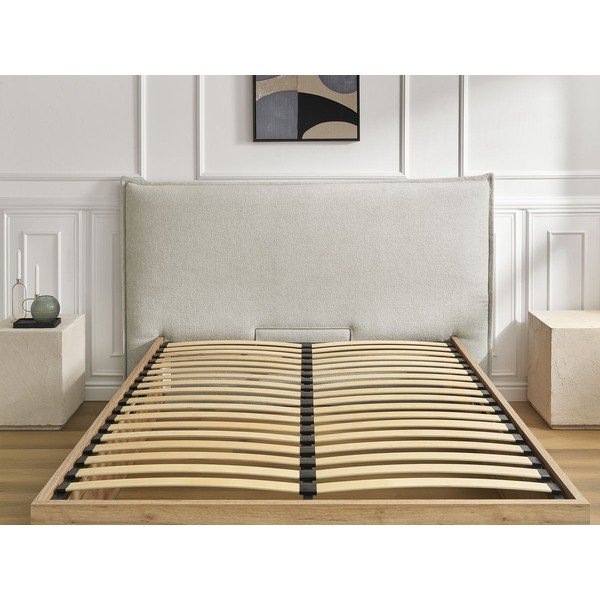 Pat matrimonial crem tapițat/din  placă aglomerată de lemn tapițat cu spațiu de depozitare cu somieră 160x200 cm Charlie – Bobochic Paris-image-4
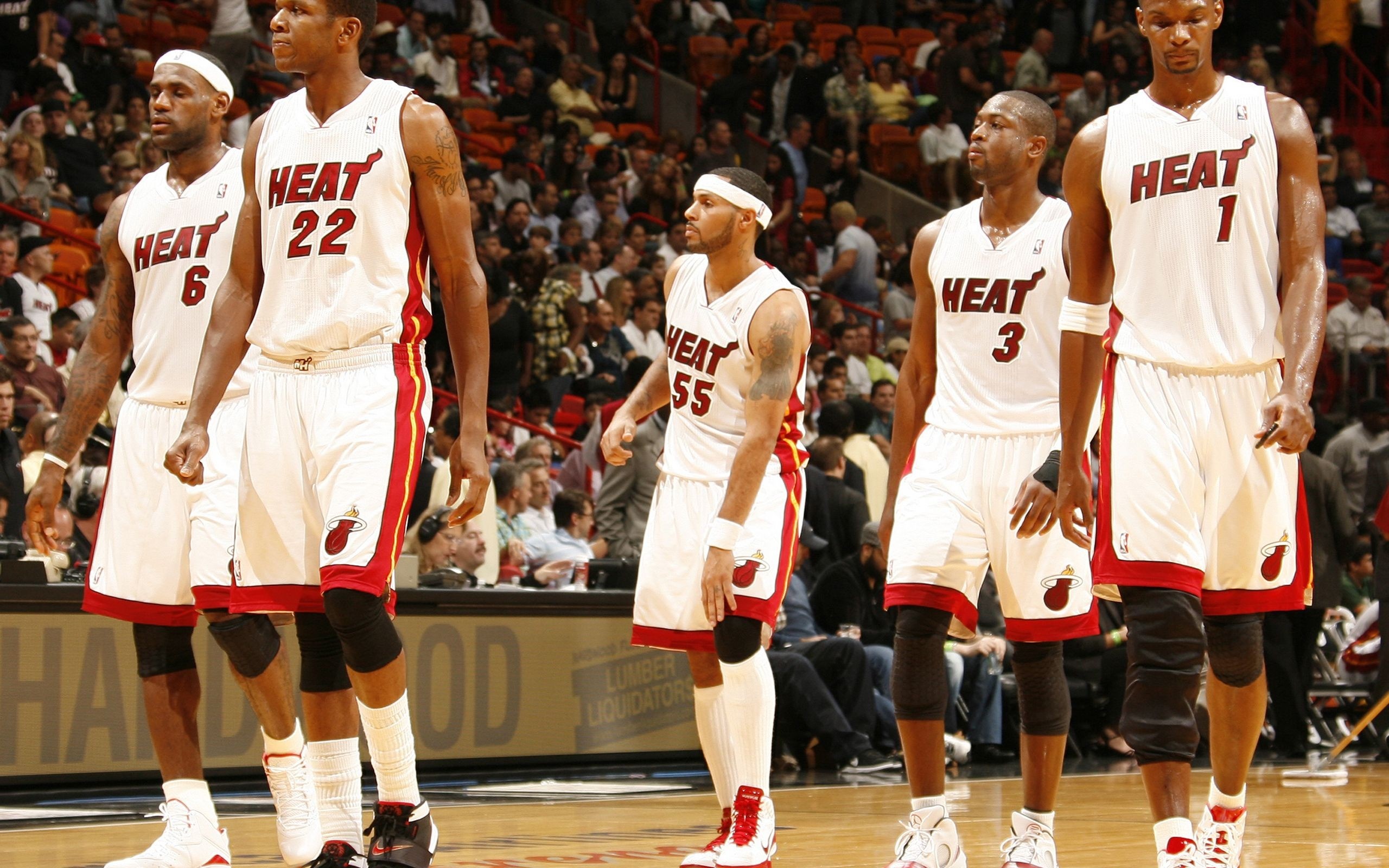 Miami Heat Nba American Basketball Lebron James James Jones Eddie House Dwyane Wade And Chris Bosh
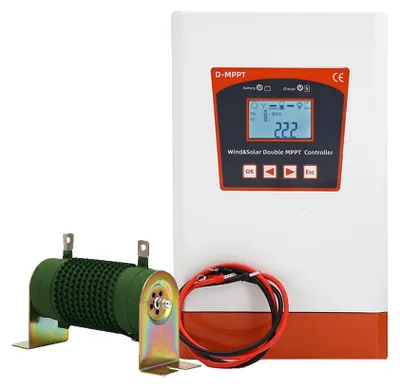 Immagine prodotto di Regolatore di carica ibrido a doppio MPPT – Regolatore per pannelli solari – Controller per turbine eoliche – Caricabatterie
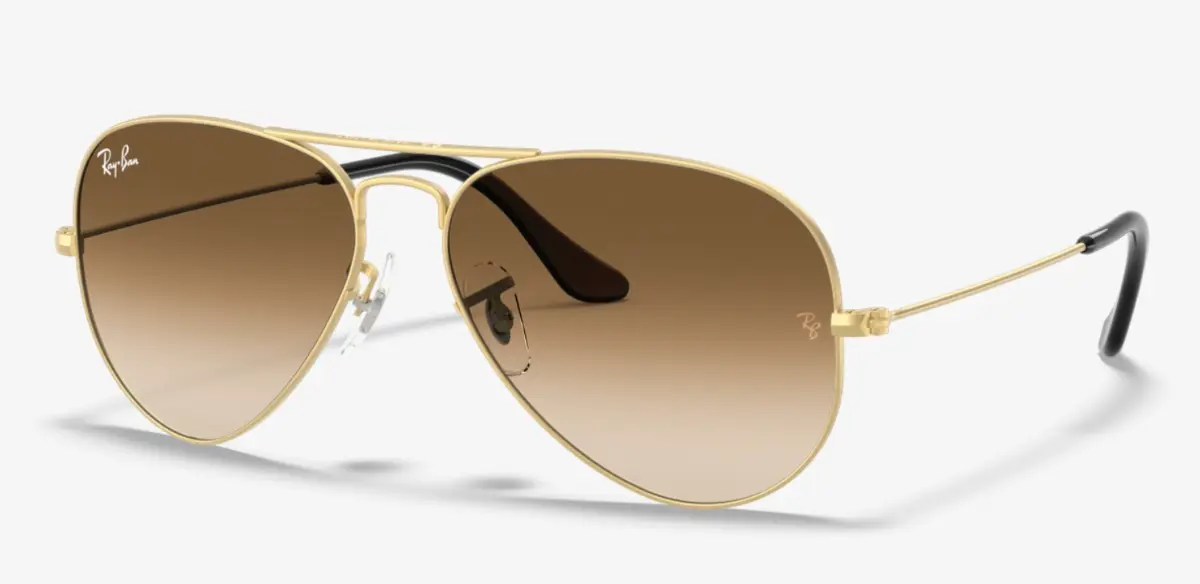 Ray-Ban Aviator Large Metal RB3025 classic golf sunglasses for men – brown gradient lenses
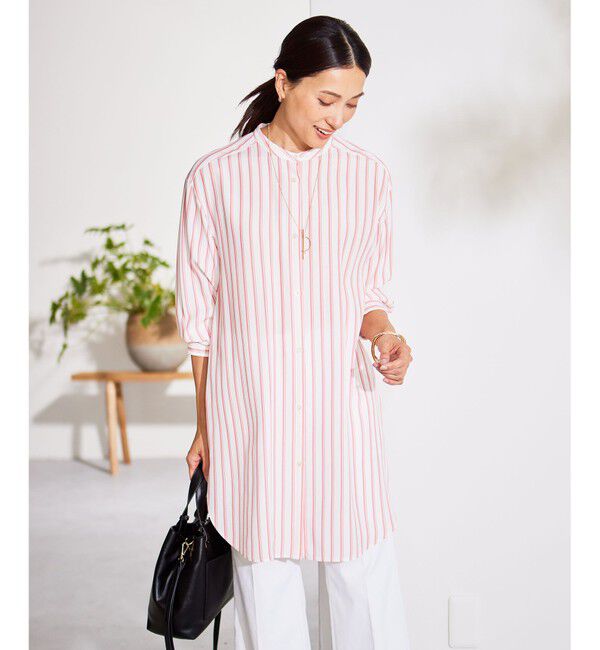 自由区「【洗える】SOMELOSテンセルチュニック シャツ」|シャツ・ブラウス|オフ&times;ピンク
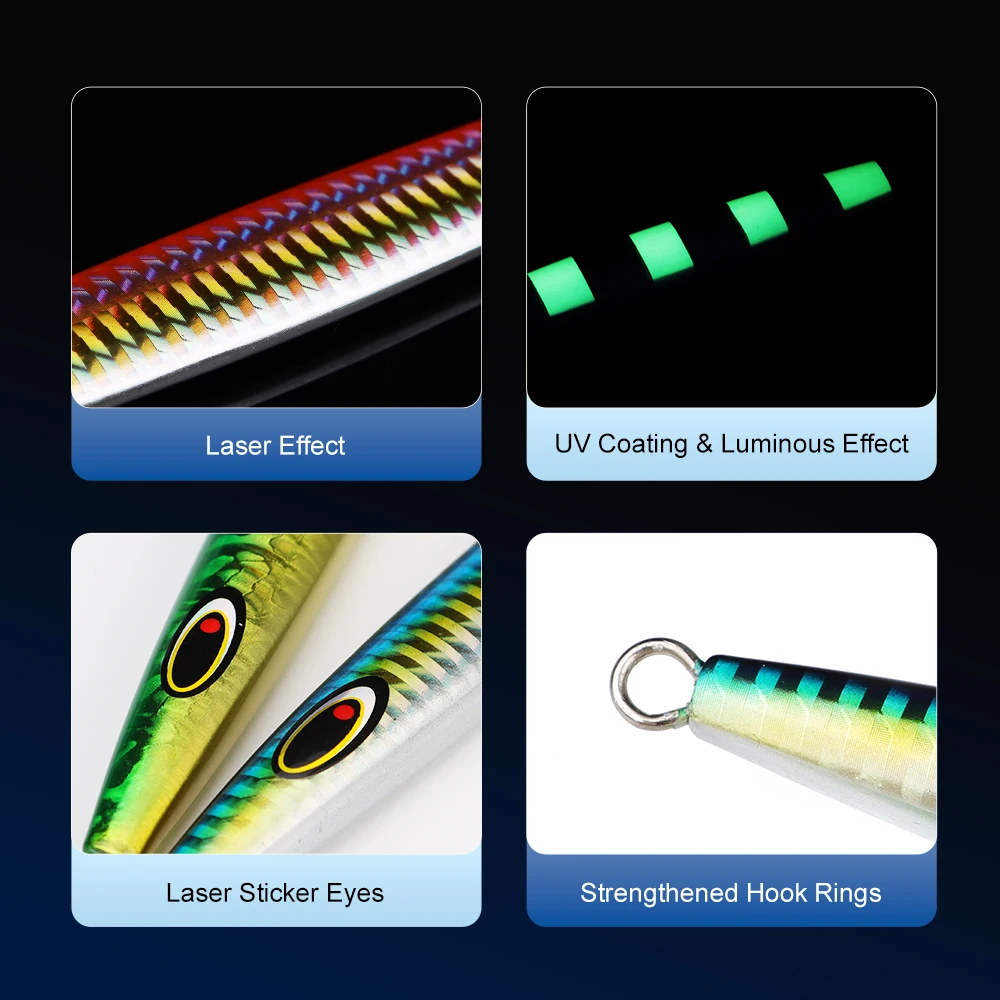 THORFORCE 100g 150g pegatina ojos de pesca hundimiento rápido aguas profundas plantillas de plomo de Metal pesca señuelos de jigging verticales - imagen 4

--

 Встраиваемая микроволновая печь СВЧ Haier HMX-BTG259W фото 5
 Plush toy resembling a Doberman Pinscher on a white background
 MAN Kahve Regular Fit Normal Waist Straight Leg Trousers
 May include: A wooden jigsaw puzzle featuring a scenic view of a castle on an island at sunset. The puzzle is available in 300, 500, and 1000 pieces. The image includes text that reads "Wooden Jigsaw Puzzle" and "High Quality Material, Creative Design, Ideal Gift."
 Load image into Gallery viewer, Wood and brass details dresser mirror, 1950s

■ Work required: Give back the exact lines above, running from the one that has "Miami Heat Nba" through the one that has "自由区「【洗える】SOMEL", with nothing added and no pictures.

■ Answer:
 Miami Heat Nba American Basketball Lebron James James Jones Eddie House Dwyane Wade And Chris Bosh
 Immagine prodotto di Regolatore di carica ibrido a doppio MPPT – Regolatore per pannelli solari – Controller per turbine eoliche – Caricabatterie
 Ray-Ban Aviator Large Metal RB3025 classic golf sunglasses for men – brown gradient lenses
 自由区「【洗える】SOMELOSテンセルチュニック シャツ」|シャツ・ブラウス|オフ&times;ピンク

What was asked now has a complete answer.